Joseph Chatt (6 November 1914 – 19 May 1994) was a renowned British researcher in the area of inorganic and organometallic chemistry. His name is associated with the description of the pi-bond between transition metals and alkenes, the Dewar–Chatt–Duncanson model.

==Early life and education==
Chatt was born to a farming family in Horden, County Durham. At age 10, he moved with his family to Welton, Cumbria south of Carlisle. Chatt attended the Nelson School.

In 1937, Chatt graduated with his first degree in Chemistry at from Emmanuel College, Cambridge. He went on to complete his PhD at Cambridge under the direction of F. G. Mann for research on organoarsenic and organophosphorus compounds and their complexes with transition metals.

==Career and contributions==

Structure of PtHCl(PEt3)2 described by Chatt et al.

Chatt was employed at Imperial Chemical Industries from 1949 to 1962, during which time he published influential work on the metal hydrides and metal alkene complexes. During this period, he reported the first example of C-H bond activation by a transition metal and the first non-organometallic transition metal hydride. While at ICI, he work with several future luminaries, including Luigi M. Venanzi, Lidia Vallarino, and especially Bernard L. Shaw.

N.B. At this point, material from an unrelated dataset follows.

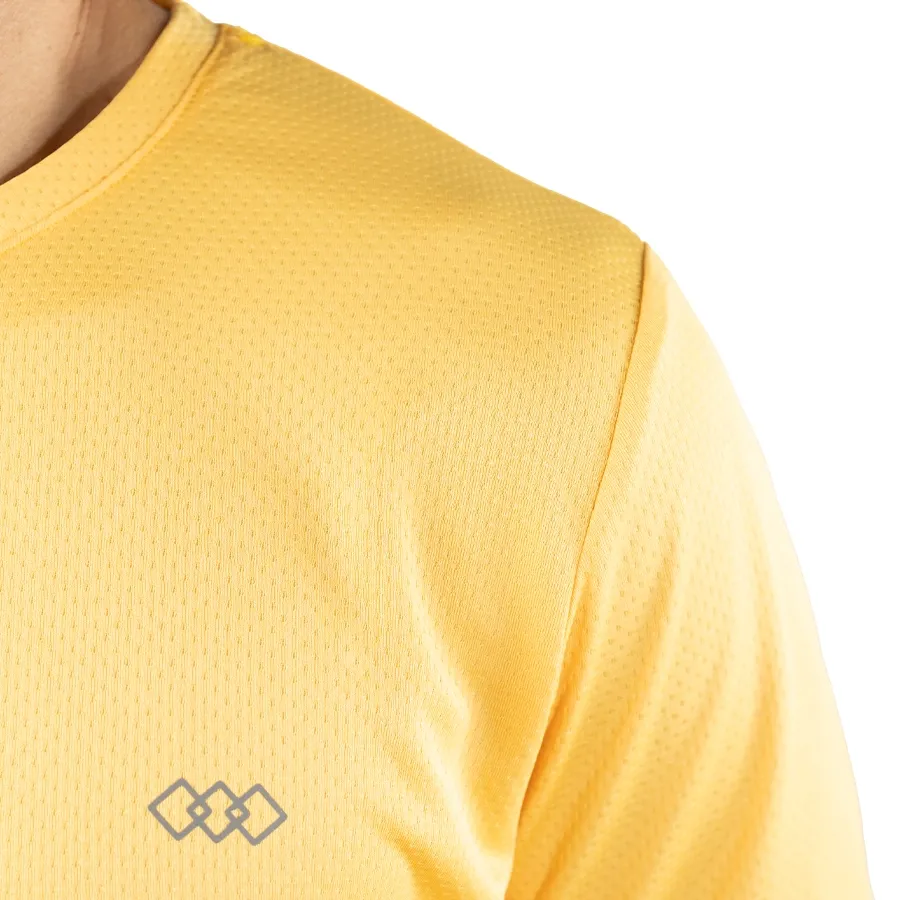 Imagen 3 de 4 de Remera Kamp Ultrarun-AMARILLO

In the 1960s, Chatt moved to a professorship at the University of Sussex and subsequently assumed directorship of the Nitrogen Fixation Unit under the Agricultural Research Council. Using the transition metal dinitrogen complex W(N_{2})_{2}(dppe)_{2}, his group first demonstrated the conversion of a dinitrogen ligand into ammonia. This work provided some of the first molecular models for nitrogen fixation. Chatt authored or co-authored over 300 peer-reviewed publications.

Among his many awards, he was recognised with the 1981 Wolf Prize "for pioneering and fundamental contributions to synthetic transition metal chemistry, particularly transition metal hydrides and dinitrogen complexes." He was elected a Fellow of the Royal Society in 1961 and was made a Commander of the Order of the British Empire.

==Personal life==
In 1947, Chatt married Ethel Williams, with whom he had a daughter and a son. They lived in Ditchling, Sussex.

==Death and legacy==
Chatt fell ill in 1991 and died suddenly in 1994. At the time, he was "preparing himself for a joint photograph" with other Fellows at Sussex University.

In 1995, a year after his death, the Unit of Nitrogen Fixation moved to Norwich and became part of the John Innes Centre. The new building, as well as an annual lecture at the Centre, were named in his honour.